Personal Contract Hire

  • Personal Contract Hire (PCH) has been specifically designed for people opting out of a company car scheme or joining a new company that provides a company car allowance, instead of a company car. 
  • A PCH contract includes road fund licence and, if required, service and maintenance. 
  • Rental periods typically vary between 24 and 48 months, there is no large initial payment to be made as deposits are usually equivalent to 3 or 6 months rental. 
  • At the end of a contract the vehicle is returned to the lender at the agreed contract mileage with no final or balloon payment to be made. 
  • If the mileage on the vehicle at the end of the contract is higher than the contracted mileage then there will be an excess mileage charge to pay. This is typically 5p - 10p per mile.
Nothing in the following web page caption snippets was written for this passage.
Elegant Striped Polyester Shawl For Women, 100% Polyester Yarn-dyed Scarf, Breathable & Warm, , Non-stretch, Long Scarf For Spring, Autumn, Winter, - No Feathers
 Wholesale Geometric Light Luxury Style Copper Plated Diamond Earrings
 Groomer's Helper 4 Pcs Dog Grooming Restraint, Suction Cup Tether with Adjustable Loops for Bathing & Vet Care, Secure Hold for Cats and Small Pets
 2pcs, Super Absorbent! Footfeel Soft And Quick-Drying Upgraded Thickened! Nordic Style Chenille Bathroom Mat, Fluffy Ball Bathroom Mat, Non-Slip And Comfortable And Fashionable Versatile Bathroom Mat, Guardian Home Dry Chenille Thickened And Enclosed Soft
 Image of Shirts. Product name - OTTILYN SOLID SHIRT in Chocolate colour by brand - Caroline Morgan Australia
Personal Contract Purchase

  • Purchase Personal contract purchase (PCP) is available to everyone, subject to status. 
  • PCP provides a new or used vehicle for a pre-determined period, normally 24 - 48 months. 
  • Like contract hire the contract has a low initial payment, usually 3 monthly payments, followed by fixed payments for an agreed period with an agreed mileage. 
  • At the end of the contract period there is a guaranteed future value that you have the option of paying to take ownership of the vehicle, or you can hand back the car to the finance company without penalty.


Hire Purchase

  • Hire purchase is a simple, straightforward way to spread the cost of buying a new car. It is fixed rate finance - with a fixed monthly payment. 
  • The deposit you pay is flexible - from as little as £99. 
  • The remaining balance, plus fixed interest, is repaid in equal instalments over an agreed period (12-60 months).


Lease Purchase

  • Lease Purchase is essentially Hire Purchase with a balloon payment at the end of the contract. Lease Purchase offers lower monthly payments than normal hire purchase. Instead, at the end of the agreement, you can make a final lump sum payment (or 'balloon') to own your car.
  • It's fixed rate finance - but with a lower fixed monthly outlay since you defer repayment of some of the borrowing. 
  • At the end of the agreement options include car purchase, refinance, part exchange or resale. The deposit you pay is flexible - from as little as £99. 
  • The remaining balance, plus fixed interest, is repaid in equal instalments over an agreed period (12-60 months) plus a final balloon payment.


Finance Lease

  • Finance lease is a financing option available to businesses only. It allows payment of the entire cost of the vehicle over the life of the contract with or without a final 'balloon' payment. 
  • At the end of the agreed term and after the balloon payment (if applicable) has been paid, you can either, continue to use the vehicle by paying an annual 'peppercorn' rental or, sell the vehicle to a third party and retain 98% of the proceeds of sale. 
  • The remaining 2% must be paid to the finance company. This type of finance is often attractive to the building and construction industry as there is no damage re-charge at the end of the contract and no mileage restrictions although a higher mileage will affect the residual value if the contract incorporates a 'balloon' payment.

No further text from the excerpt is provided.